== TASK BRIEF ==
Write out nothing but the lines from the one containing "SAC A DOS POUR" through the last line below, both included, and without the pictures.

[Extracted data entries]

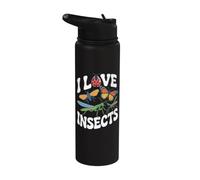 I Love Insects Collection d'insectes colorés Stainless Steel Insulated Water Bottle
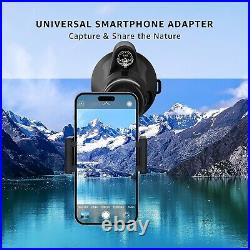 Python 12x52 Range Master Ultra HD Monocular + Smartphone Adapter + Leather Bag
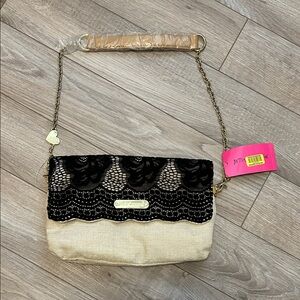 Betsey Johnson NWT Lady Lace Flap Shoulder Bag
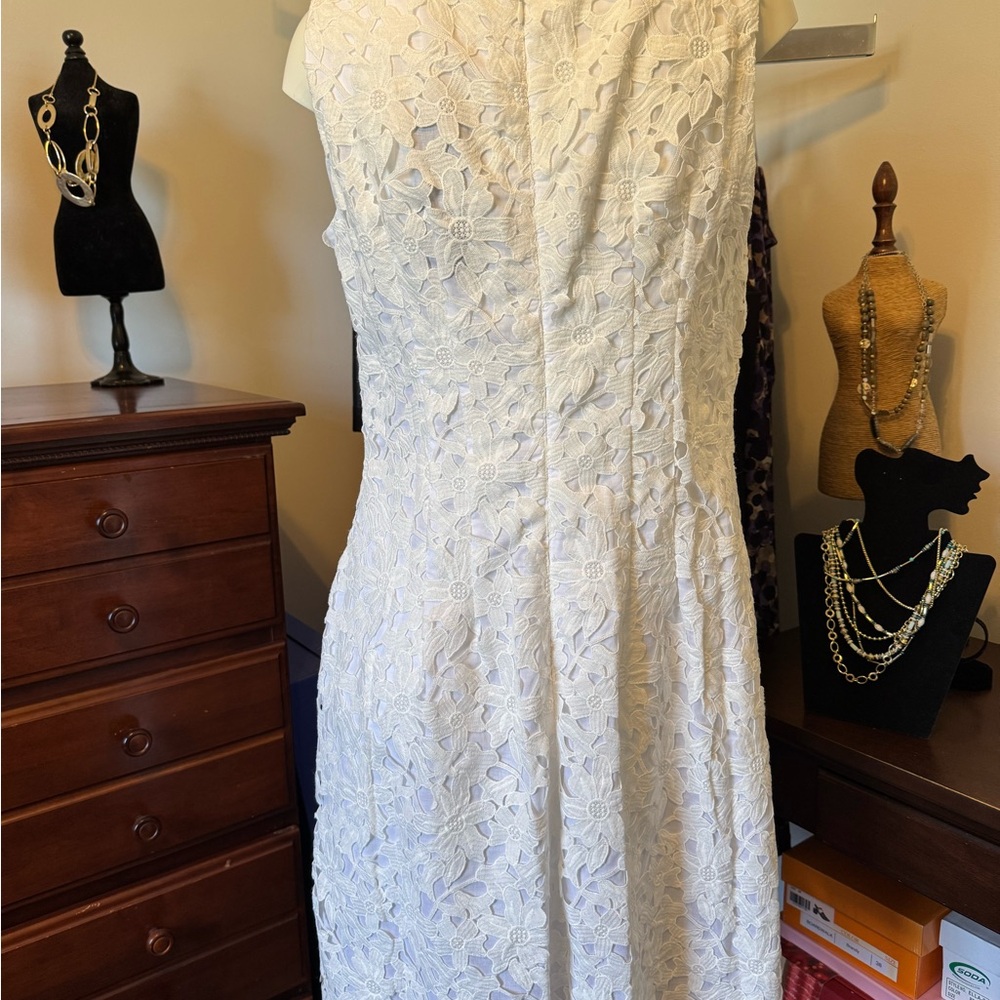 Lauren Ralph NWT Mini White Eyelet Floral Overlay Sleeveless Summer Dress Sz 12 - Picture 9 of 16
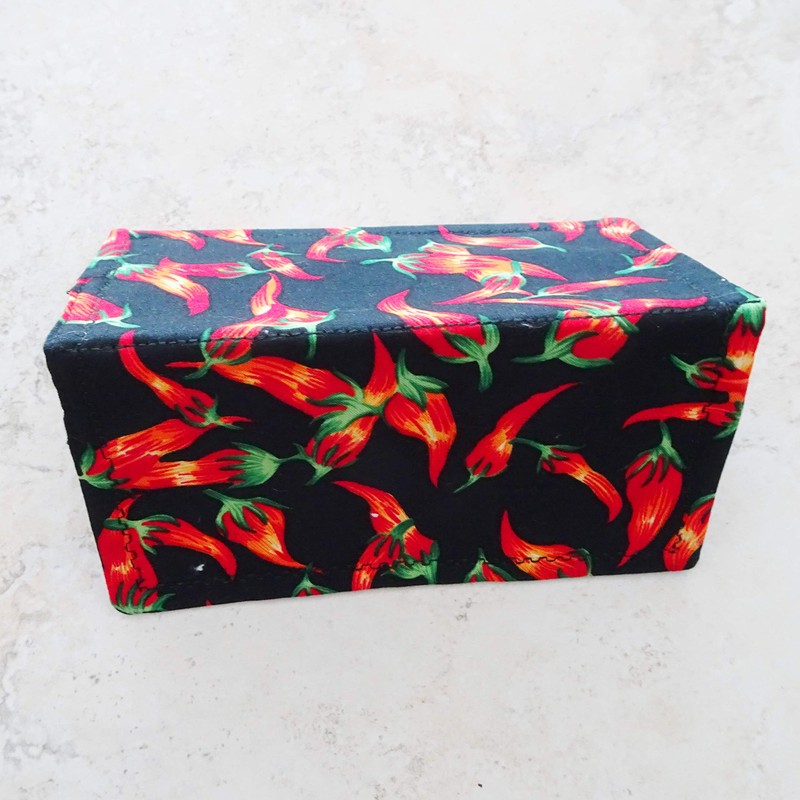 Checkbook Cover - Billfold Wallet - Red Chili Pepper Fabric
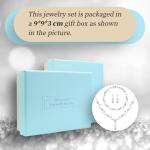 GZWHD Bridal Jewelry Sets for Wedding Bridesmaid Accessories Necklace Bracelet Earrings Set for Bride Silver Jewelry Set for Women Party Prom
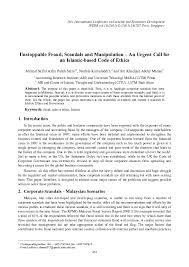The share price suffered turbulence when it was the scandal began when the project had cost overruns of up to rm3. Pdf Unstoppable Fraud Scandals And Manipulation An Urgent Call For An Islamic Based Code Of Ethics Norlela Kamaluddin Academia Edu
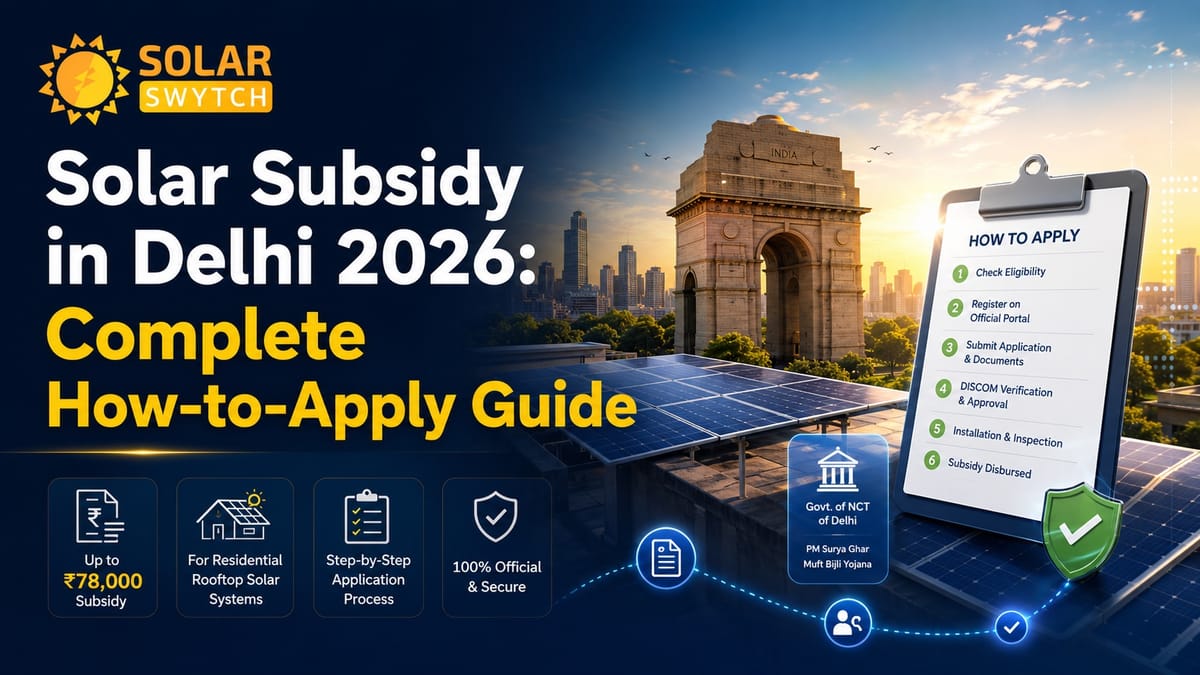 Solar Subsidy in Delhi 2026: Complete How-to-Apply Guide — illustrated guide cover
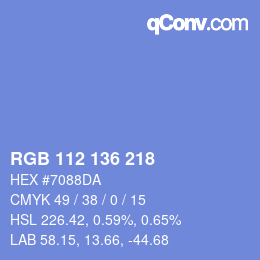 Color code: RGB 112 136 218 | qconv.com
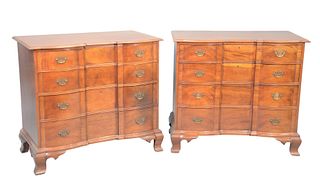 Pair of Margolis Mahogany Block Front Chests
each with shaped top over conforming case of four drawers, set on ogee feet
signed Margolis with brand ma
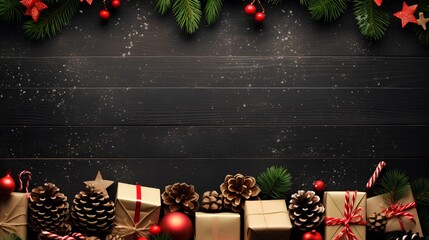 Christmas background with dark, moody and festive Christmas season elements. Elegant winter ornaments, pine cones, and snowflakes, creating a magical holiday atmosphere. Gifts and pine needles.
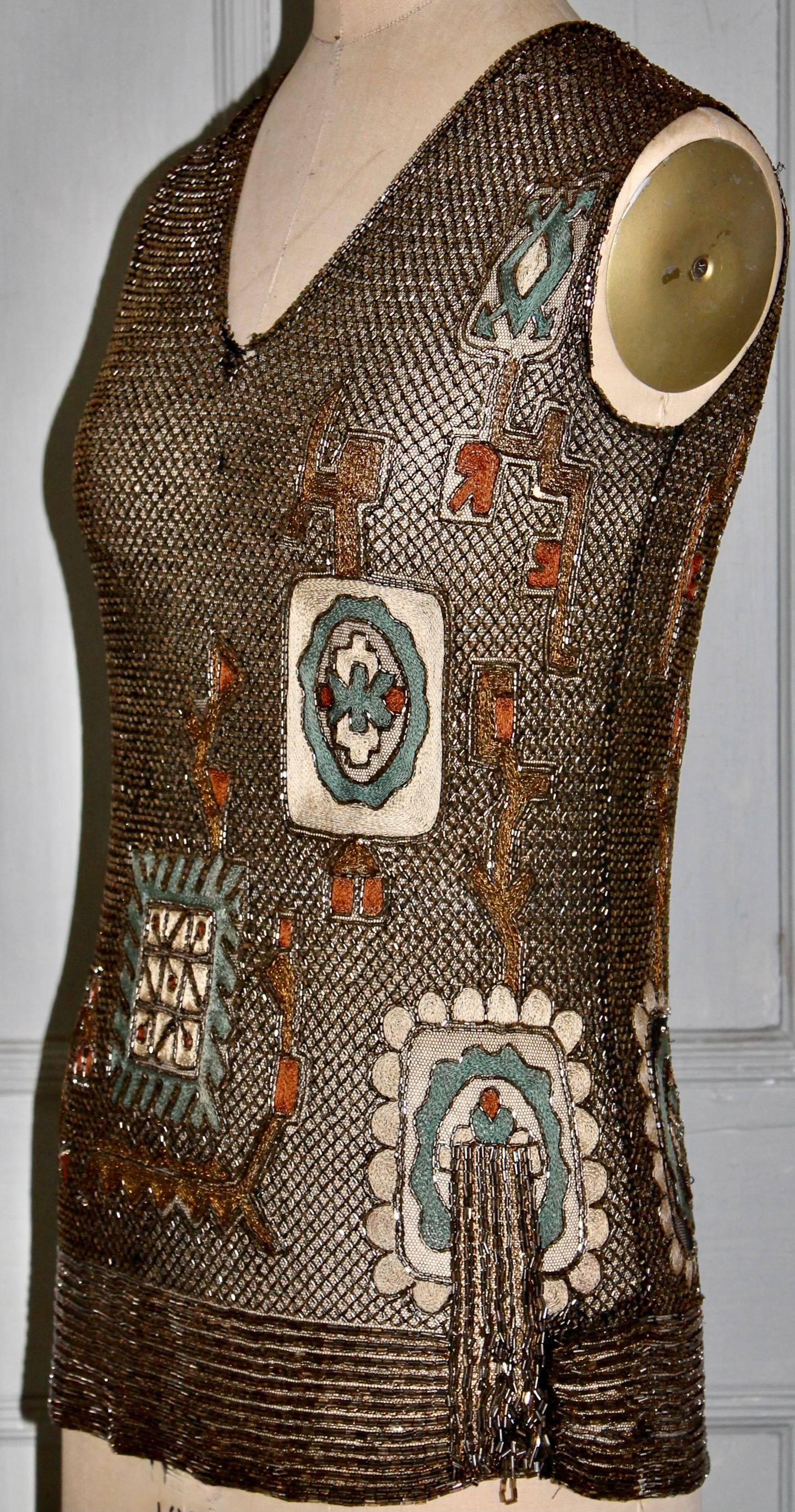 Lesage Style Art Deco Beaded Embroidered Vest For Sale 3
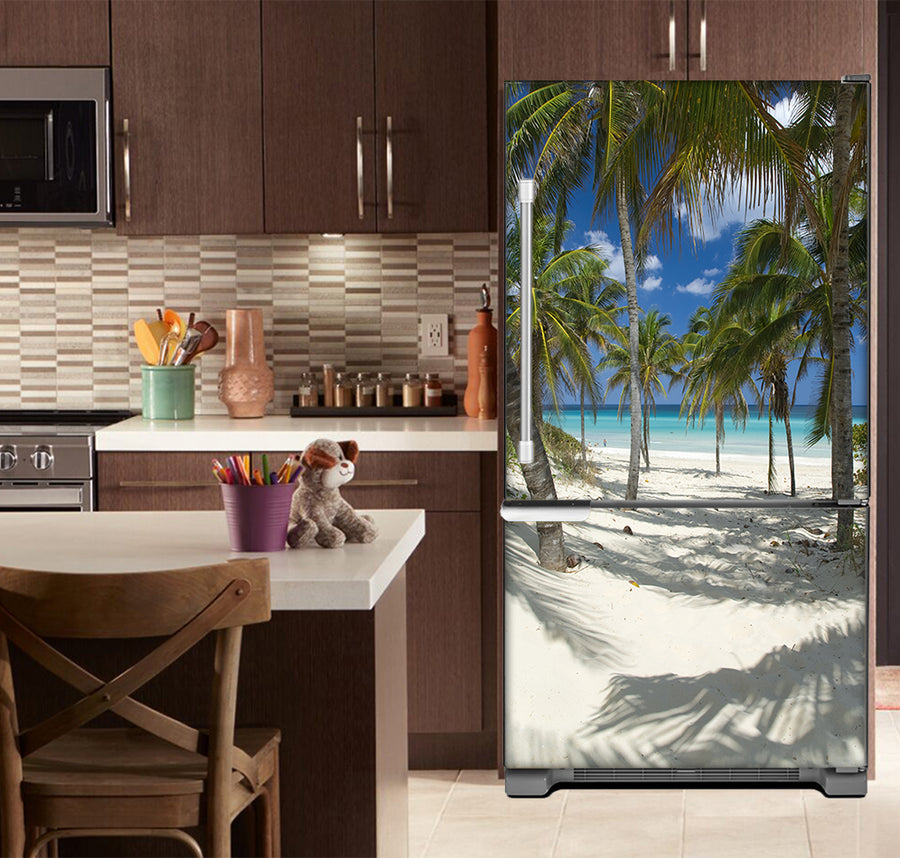  Kitchen with Brown Cabinets Ivory Countertop Sandy Beach Path Magnetic Fridge Wrap Skin Panel on Model Type Fridge Bottom Freezer Refrigerator 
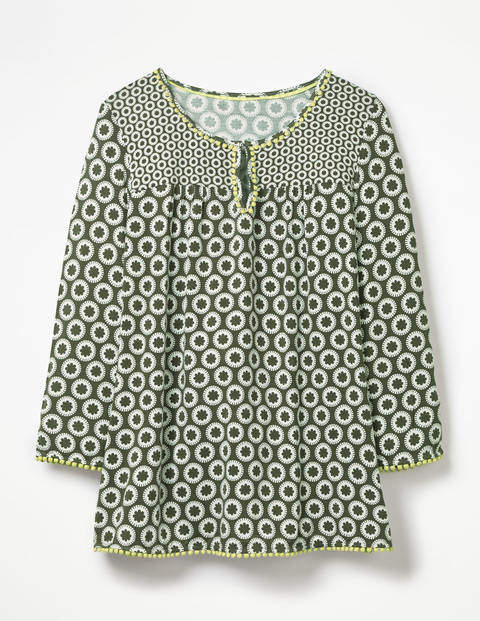Tessa Jersey Top - Khaki Pompom Spot Tessa Jersey Top - Khaki Pompom Spot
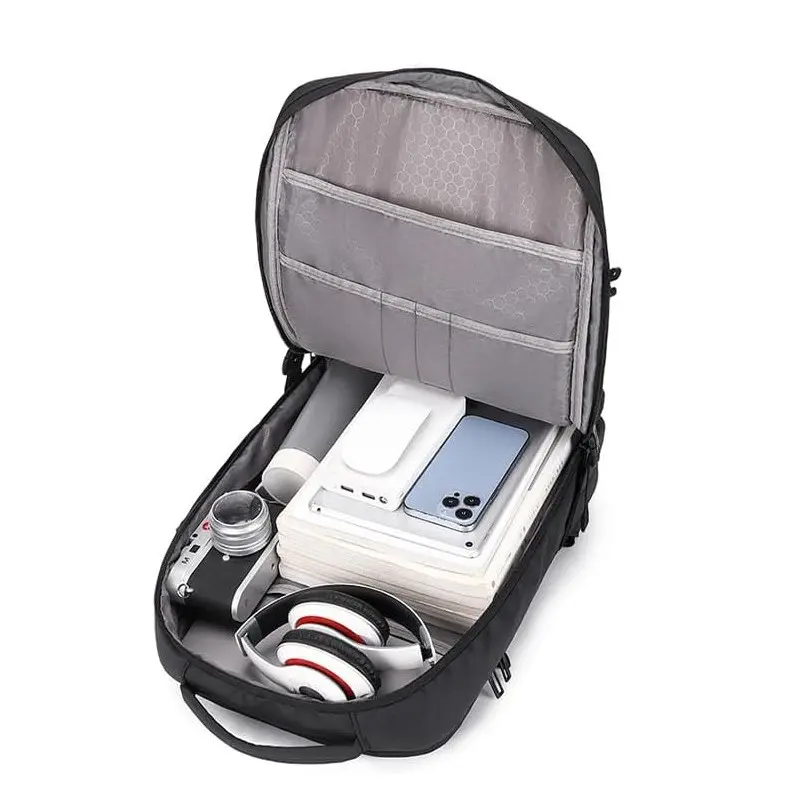 SAC A DOS POUR PC PORTABLE 15.6&Prime; AVEC étanche + PORT USB + ANTICHOC NOIR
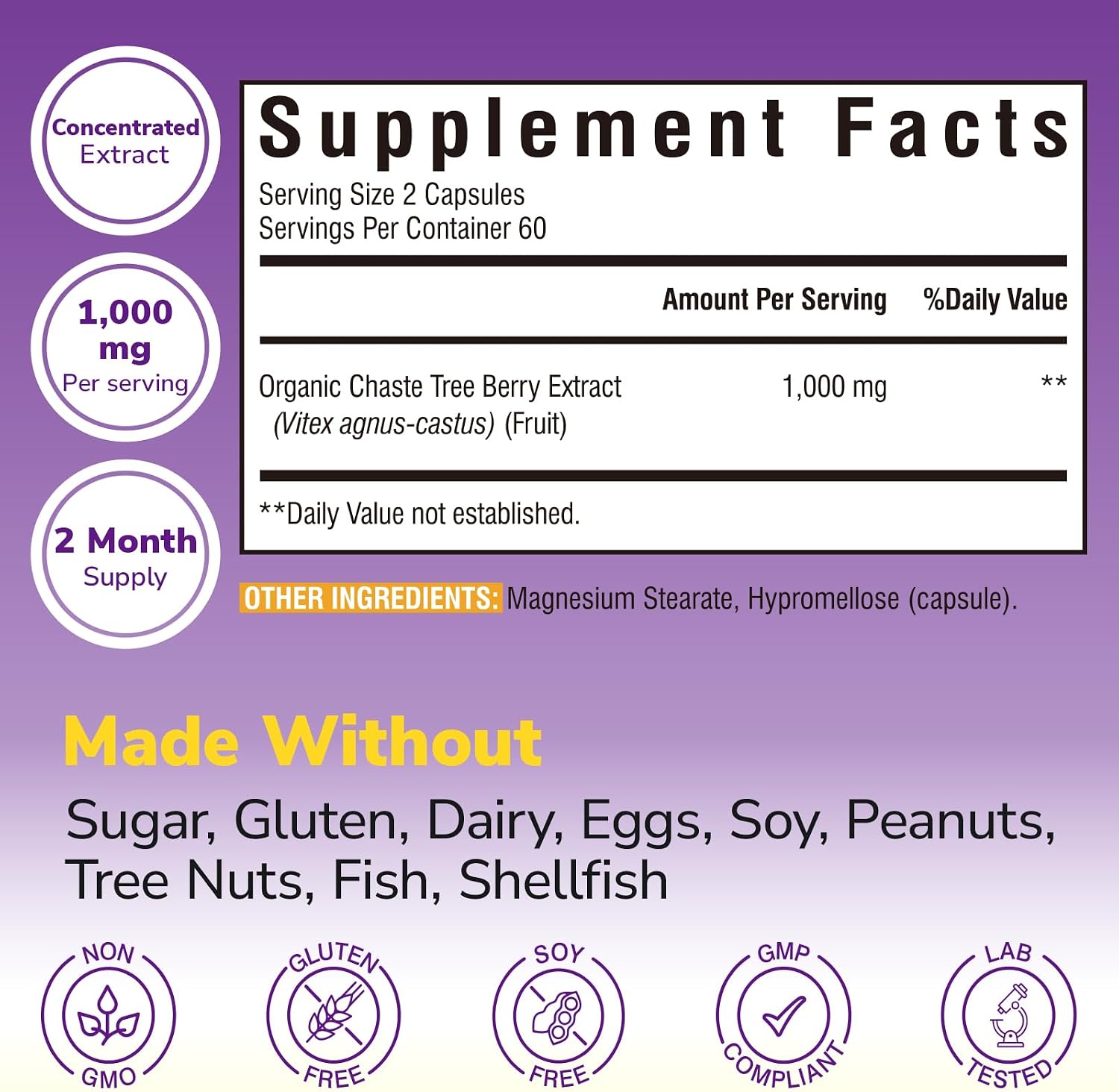 Organic Vitex Chasteberry Supplement for Women, Hormone Balance, Fertility Support, Healthy Menstrual Cycle, Vegan, 120 Capsules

== SOLVED EXERCISE ==
 SAC A DOS POUR PC PORTABLE 15.6&Prime; AVEC étanche + PORT USB + ANTICHOC NOIR
 Organic Vitex Chasteberry Supplement for Women, Hormone Balance, Fertility Support, Healthy Menstrual Cycle, Vegan, 120 Capsules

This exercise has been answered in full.